╭─ SUPPLIED RECORDS

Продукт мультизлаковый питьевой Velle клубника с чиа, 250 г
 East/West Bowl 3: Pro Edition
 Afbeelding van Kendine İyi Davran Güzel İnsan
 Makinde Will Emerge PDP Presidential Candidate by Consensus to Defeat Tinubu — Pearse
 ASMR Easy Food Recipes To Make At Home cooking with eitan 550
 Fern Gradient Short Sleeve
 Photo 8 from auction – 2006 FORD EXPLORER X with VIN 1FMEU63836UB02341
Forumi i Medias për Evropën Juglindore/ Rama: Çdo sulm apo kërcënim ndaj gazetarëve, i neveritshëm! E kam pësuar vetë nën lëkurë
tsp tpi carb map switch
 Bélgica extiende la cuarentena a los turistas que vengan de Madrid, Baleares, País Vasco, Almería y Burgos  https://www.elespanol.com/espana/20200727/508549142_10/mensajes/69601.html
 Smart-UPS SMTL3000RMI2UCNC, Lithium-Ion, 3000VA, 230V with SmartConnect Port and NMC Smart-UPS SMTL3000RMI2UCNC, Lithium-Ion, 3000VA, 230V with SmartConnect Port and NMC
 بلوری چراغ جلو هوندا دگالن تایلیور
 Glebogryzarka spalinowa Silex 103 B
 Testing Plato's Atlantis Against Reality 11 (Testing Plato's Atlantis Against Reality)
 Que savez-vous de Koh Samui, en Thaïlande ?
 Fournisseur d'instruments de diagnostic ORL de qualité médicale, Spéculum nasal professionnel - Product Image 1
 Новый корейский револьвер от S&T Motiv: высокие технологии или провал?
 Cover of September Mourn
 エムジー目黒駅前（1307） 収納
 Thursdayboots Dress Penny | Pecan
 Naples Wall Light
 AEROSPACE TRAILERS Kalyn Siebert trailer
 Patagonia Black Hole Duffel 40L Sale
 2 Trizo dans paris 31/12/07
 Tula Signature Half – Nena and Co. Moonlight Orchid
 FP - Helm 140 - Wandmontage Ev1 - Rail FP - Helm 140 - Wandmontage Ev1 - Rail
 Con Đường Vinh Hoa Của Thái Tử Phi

╰─

◆ WHAT NEEDS TO BE DONE ◆
Begin with the line holding "East/West Bowl 3: Pro Edition" and end with the last line of the material. Write out those lines exactly, and only those.

◆ RESPONSE BOX ◆
 East/West Bowl 3: Pro Edition
 Afbeelding van Kendine İyi Davran Güzel İnsan
 Makinde Will Emerge PDP Presidential Candidate by Consensus to Defeat Tinubu — Pearse
 ASMR Easy Food Recipes To Make At Home cooking with eitan 550
 Fern Gradient Short Sleeve
 Photo 8 from auction – 2006 FORD EXPLORER X with VIN 1FMEU63836UB02341
Forumi i Medias për Evropën Juglindore/ Rama: Çdo sulm apo kërcënim ndaj gazetarëve, i neveritshëm! E kam pësuar vetë nën lëkurë
tsp tpi carb map switch
 Bélgica extiende la cuarentena a los turistas que vengan de Madrid, Baleares, País Vasco, Almería y Burgos  https://www.elespanol.com/espana/20200727/508549142_10/mensajes/69601.html
 Smart-UPS SMTL3000RMI2UCNC, Lithium-Ion, 3000VA, 230V with SmartConnect Port and NMC Smart-UPS SMTL3000RMI2UCNC, Lithium-Ion, 3000VA, 230V with SmartConnect Port and NMC
 بلوری چراغ جلو هوندا دگالن تایلیور
 Glebogryzarka spalinowa Silex 103 B
 Testing Plato's Atlantis Against Reality 11 (Testing Plato's Atlantis Against Reality)
 Que savez-vous de Koh Samui, en Thaïlande ?
 Fournisseur d'instruments de diagnostic ORL de qualité médicale, Spéculum nasal professionnel - Product Image 1
 Новый корейский револьвер от S&T Motiv: высокие технологии или провал?
 Cover of September Mourn
 エムジー目黒駅前（1307） 収納
 Thursdayboots Dress Penny | Pecan
 Naples Wall Light
 AEROSPACE TRAILERS Kalyn Siebert trailer
 Patagonia Black Hole Duffel 40L Sale
 2 Trizo dans paris 31/12/07
 Tula Signature Half – Nena and Co. Moonlight Orchid
 FP - Helm 140 - Wandmontage Ev1 - Rail FP - Helm 140 - Wandmontage Ev1 - Rail
 Con Đường Vinh Hoa Của Thái Tử Phi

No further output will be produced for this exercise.